### SUPPLIED RECORDS
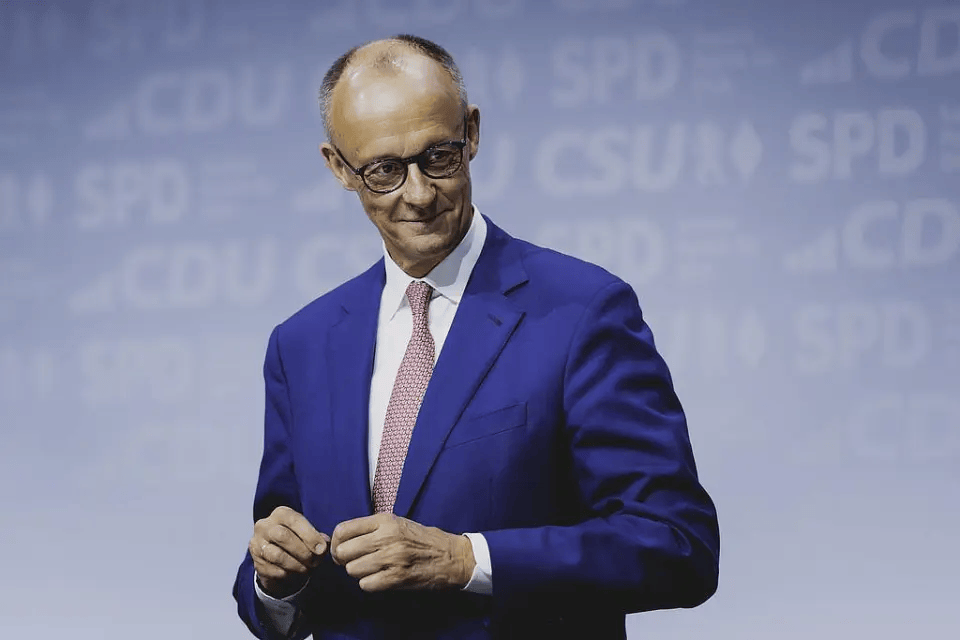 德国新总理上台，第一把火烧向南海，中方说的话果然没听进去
--
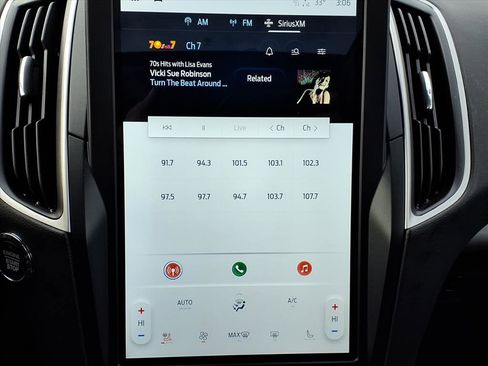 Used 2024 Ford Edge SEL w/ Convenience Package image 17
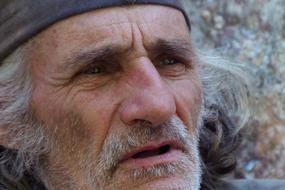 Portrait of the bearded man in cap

### TASK INSTRUCTIONS
From the records above, copy exactly the lines starting at the one with "Used 2024 Ford" and ending at the one with "Portrait of the bearded man in cap", and no others. Pictures stay out.

### EXERCISE ANSWER
 Used 2024 Ford Edge SEL w/ Convenience Package image 17
 Portrait of the bearded man in cap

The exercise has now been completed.